NIH R01 HL131975 to DBE

References

[1] McNally EM, Kaltman JR, Benson DW, Canter CE, Cripe LH, Duan D, Finder JD, Groh WJ, Hoffman EP and Judge DP. Contemporary cardiac issues in Duchenne muscular dystrophy. Circulation. 2015;131:1590-1598.

[2] Bushby K, Finkel R, Birnkrant DJ, Case LE, Clemens PR, Cripe L, Kaul A, Kinnett K, McDonald C and Pandya S. Diagnosis and management of Duchenne muscular dystrophy, part 1: diagnosis, and pharmacological and psychosocial management. The Lancet Neurology. 2010;9:77-93.

[3] Sadek, Abdelrahim Abdrabou et al. “Evaluation of cardiac functions in children with Duchenne Muscular Dystrophy: A prospective case-control study.” Electronic physician vol. 9,11 5732-5739. 25 Nov. 2017, doi:10.19082/5732

[4] Hor KN, Wansapura J, Markham LW, Mazur W, Cripe LH, Fleck R, Benson DW and Gottliebson WM. Circumferential strain analysis identifies strata of cardiomyopathy in Duchenne muscular dystrophy. Journal of the American College of Cardiology. 2009;53:1204-1210

[5] L.E. Perotti, P. Magrath, I.A. Verzhbinsky, E. Aliotta, K. Moulin, D.B. Ennis “Microstructurally Anchored Cardiac Kinematics by Combining In Vivo DENSE MRI and cDTI'' Functional Imaging and Modelling of the Heart, Toronto, Canada, June 2017

Figures

Figure 1: A) The CNN architecture used in this work. The cine patch image is used as input, and is followed by a standard CNN with 3D convolutions. The weights from the CNN are finished in three fully connected layers before outputting the x and y positions of the tag motion path. B) Details of the training process. This CNN was trained, validated, and tested in previous work.

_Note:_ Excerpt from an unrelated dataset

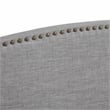 Posh Living Adelyne Linen & Solid Wood Platform Bed King Size in Gray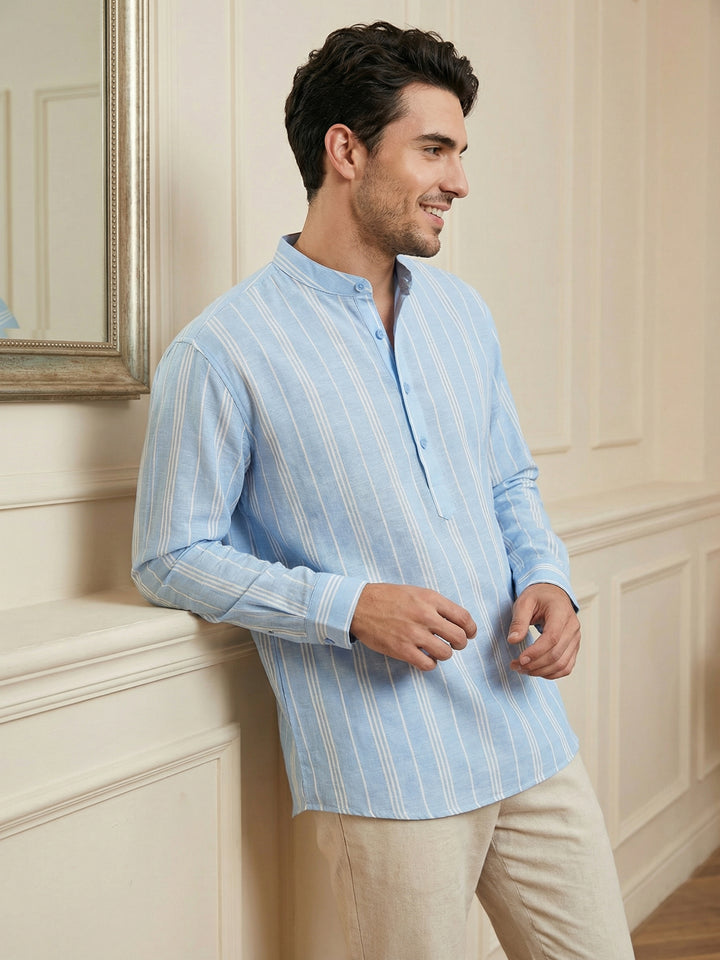 Stripe Pattern Cotton Blend Ethnic Kurta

Figure 2: Overview of the processing workflow. The cine image series, LV mask, and initial tag locations (A) are given as input. A patch centered at each tag location is extracted (B) and fed through the CNN, which outputs the motion path of that initial tag location (C). The motion paths are then used to calculate strain curves (D).

Figure 3: A) Bland-Altman plot of peak midwall Ecc for each subject, comparing the two different methods. B) shows the mean time resolved Ecc curve for all subjects calculated with both methods, C) shows healthy subjects and D) boys with DMD. The shaded areas in the line plots represent the bootstrapped 95% confidence interval.

Figure 4: Barplot of the peak midwall Ecc values calculated with both methods, for healthy subjects and boys with DMD. Error bars represent the bootstrapped 95% confidence interval. A) shows paired cohorts, and B) shows paired methods, both with the same data.